───── Supplied records

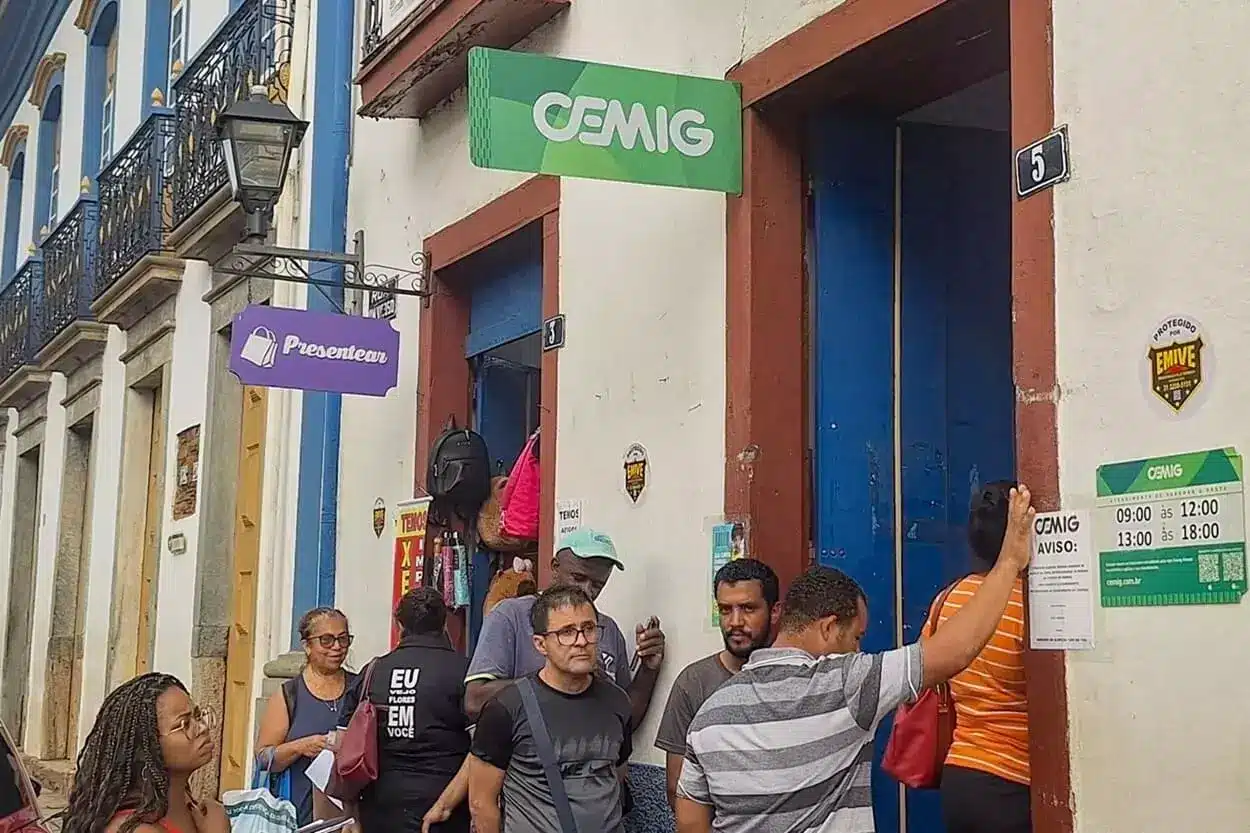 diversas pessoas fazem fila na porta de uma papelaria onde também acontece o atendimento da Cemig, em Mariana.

──────────
───── Supplied records

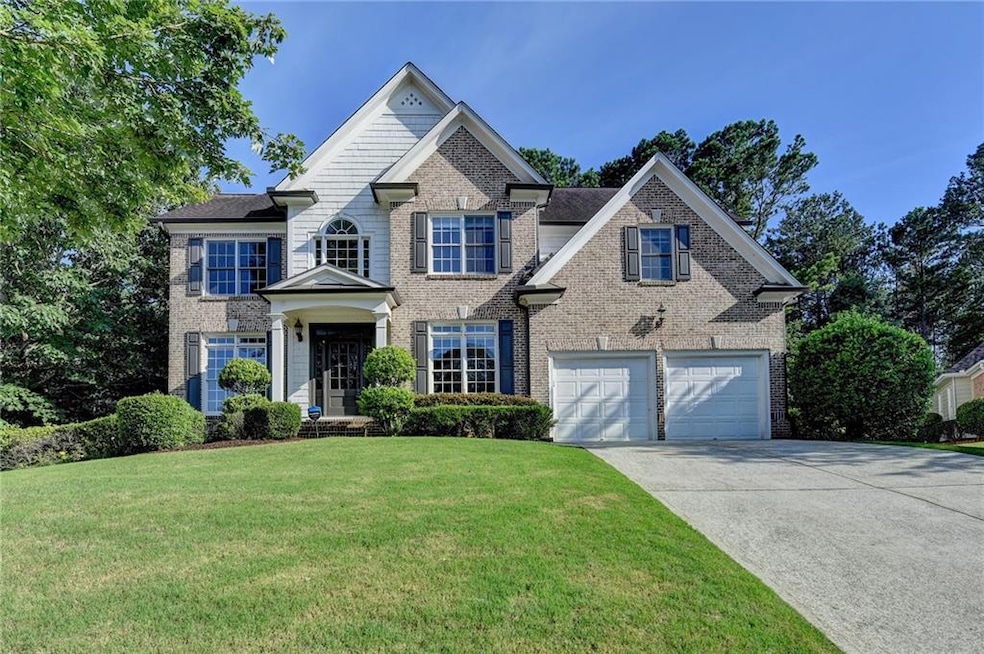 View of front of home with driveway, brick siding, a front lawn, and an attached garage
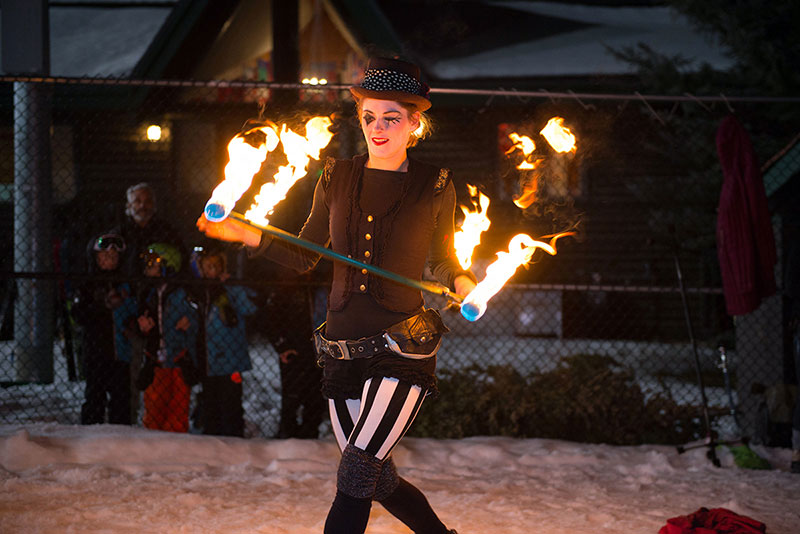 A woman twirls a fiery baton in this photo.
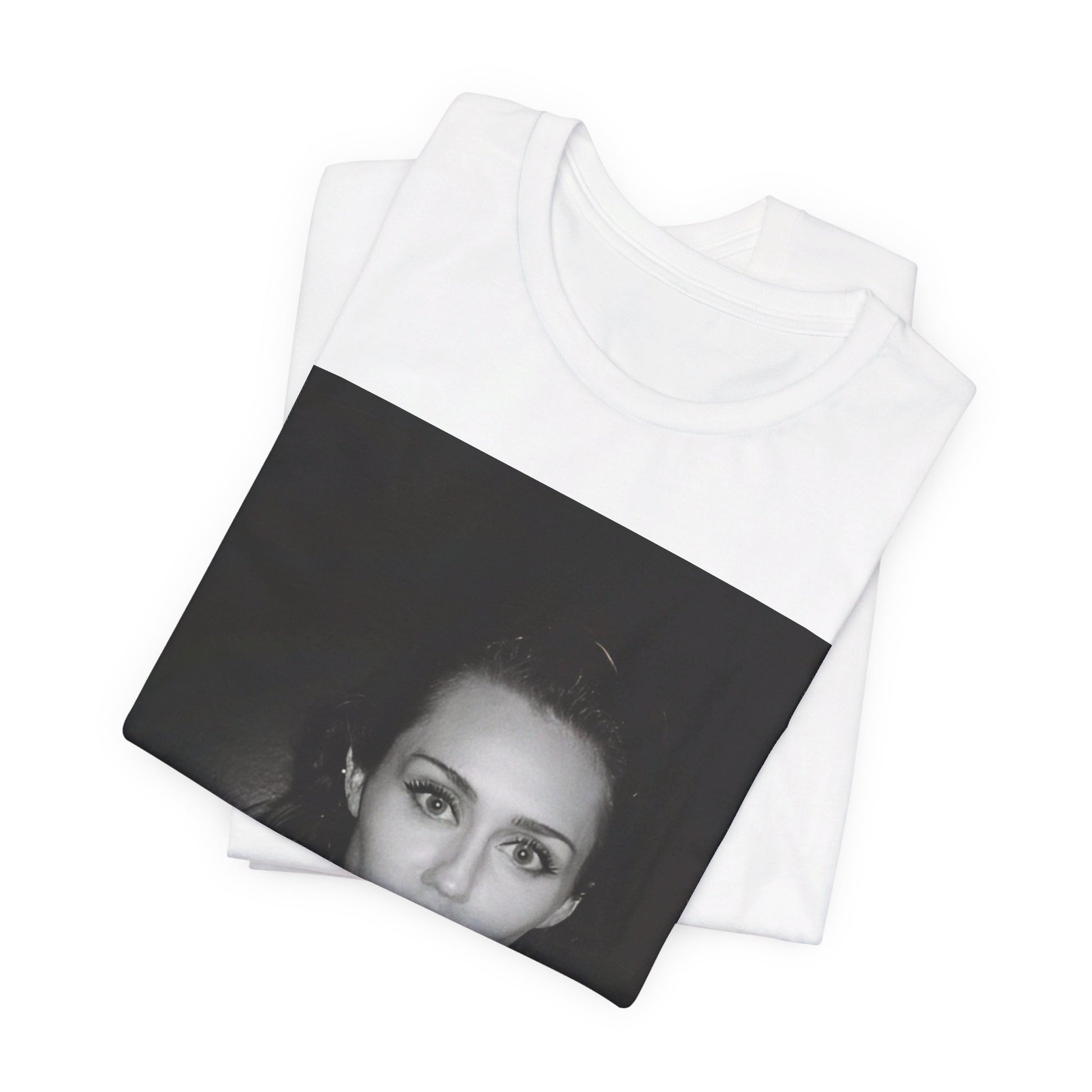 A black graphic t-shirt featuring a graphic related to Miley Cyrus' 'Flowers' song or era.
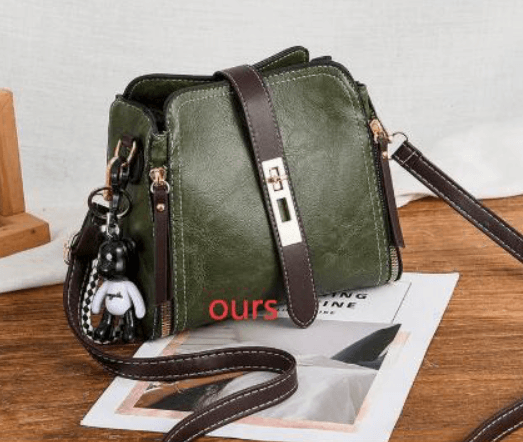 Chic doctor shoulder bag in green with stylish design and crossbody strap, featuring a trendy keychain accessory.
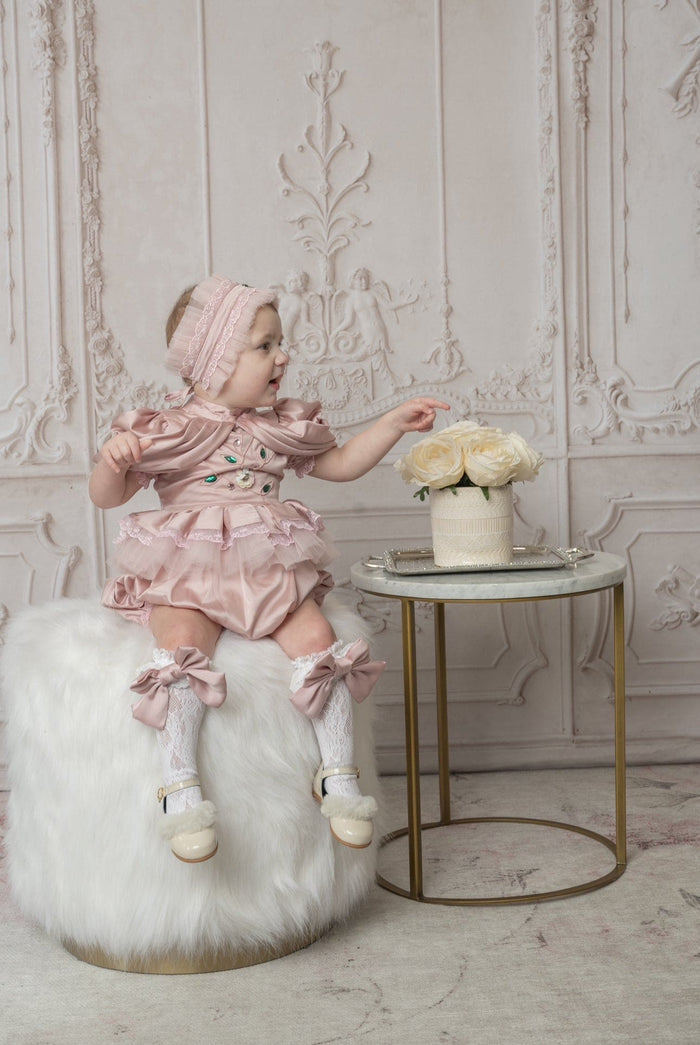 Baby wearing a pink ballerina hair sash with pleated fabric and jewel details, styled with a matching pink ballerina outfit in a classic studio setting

──────────

[Task description]: Repeat exactly the lines above, from the line that contains "Chic doctor shoulder" down through the line that contains "Baby wearing a". Include both of those lines and none of the pictures.

[Answer for the task]:
 Chic doctor shoulder bag in green with stylish design and crossbody strap, featuring a trendy keychain accessory.
 Baby wearing a pink ballerina hair sash with pleated fabric and jewel details, styled with a matching pink ballerina outfit in a classic studio setting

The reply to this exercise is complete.